» **TASK BRIEF**:
Return the listing below exactly. Leave its pictures out.

» **DATASET EXTRACT**:
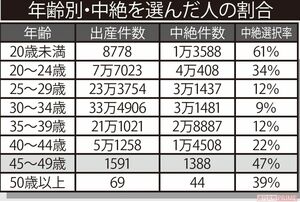 【年齢別・中絶を選んだ人の割合】厚生労働省「人口動態調査」、「衛生行政報告例」(ともに平成30年度)より週刊女性作成
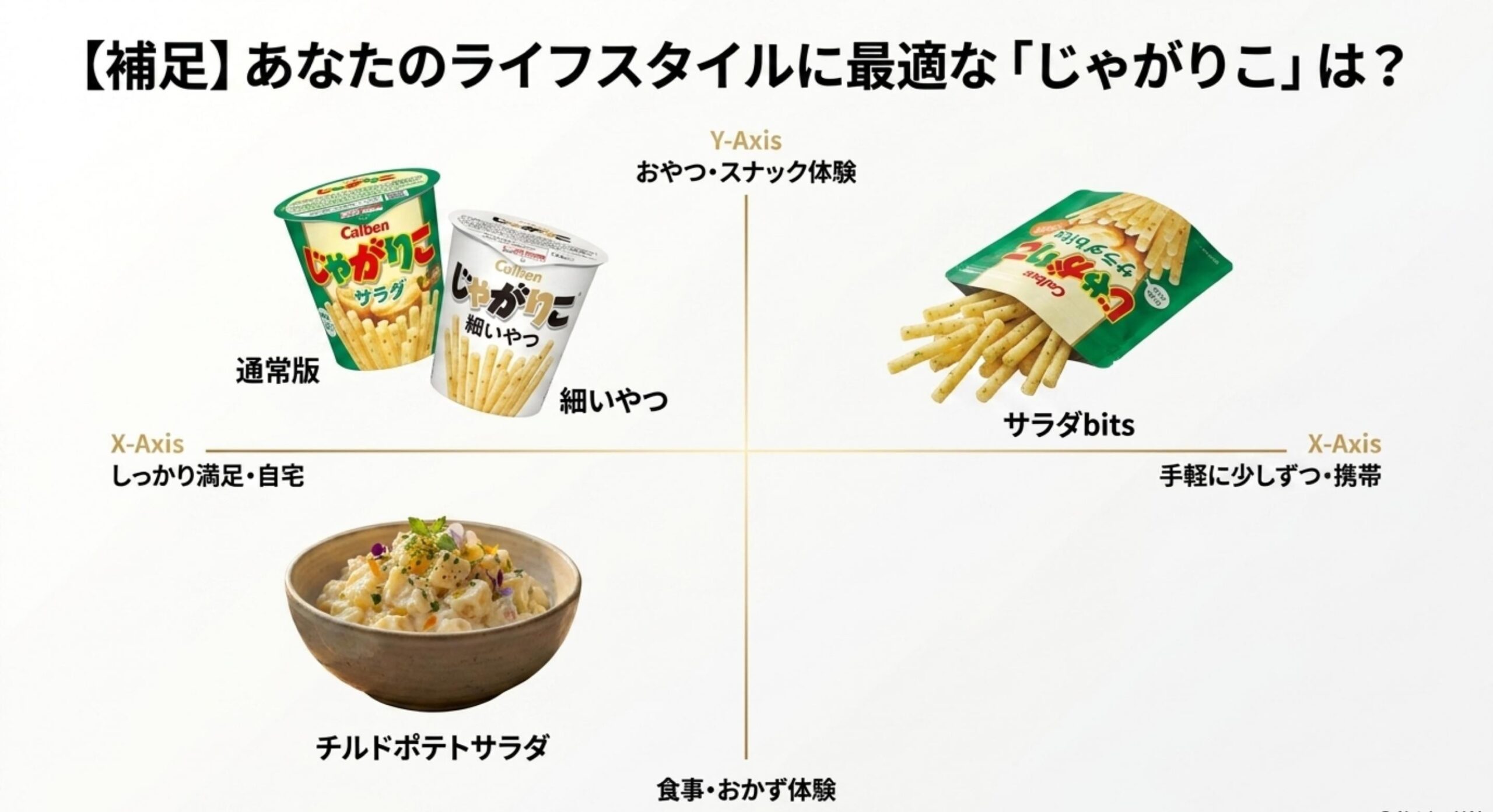 じゃがりこ 販売終了 チルドポテトサラダへと逆変換する破壊的進化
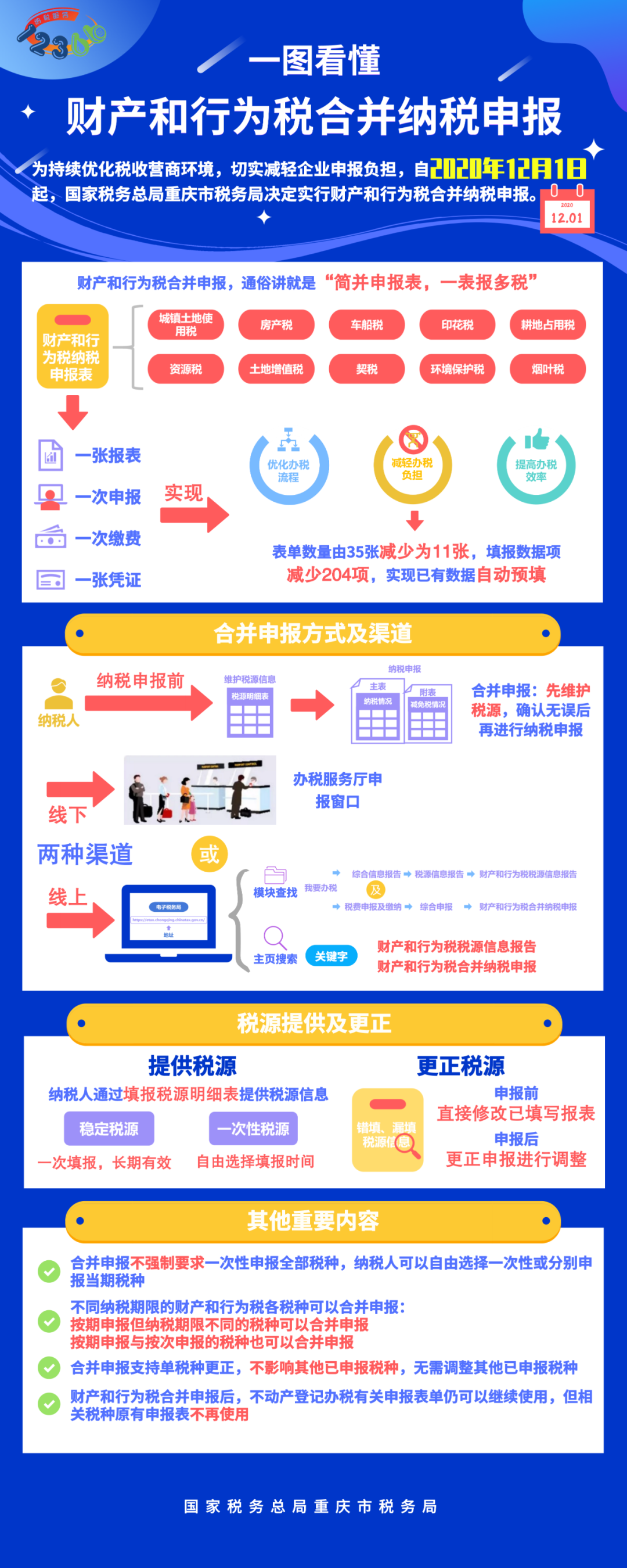 合并納稅申報(bào)？不懂看這里！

» **RESULT OF THIS TASK**:
 【年齢別・中絶を選んだ人の割合】厚生労働省「人口動態調査」、「衛生行政報告例」(ともに平成30年度)より週刊女性作成
 じゃがりこ 販売終了 チルドポテトサラダへと逆変換する破壊的進化
 合并納稅申報(bào)？不懂看這里！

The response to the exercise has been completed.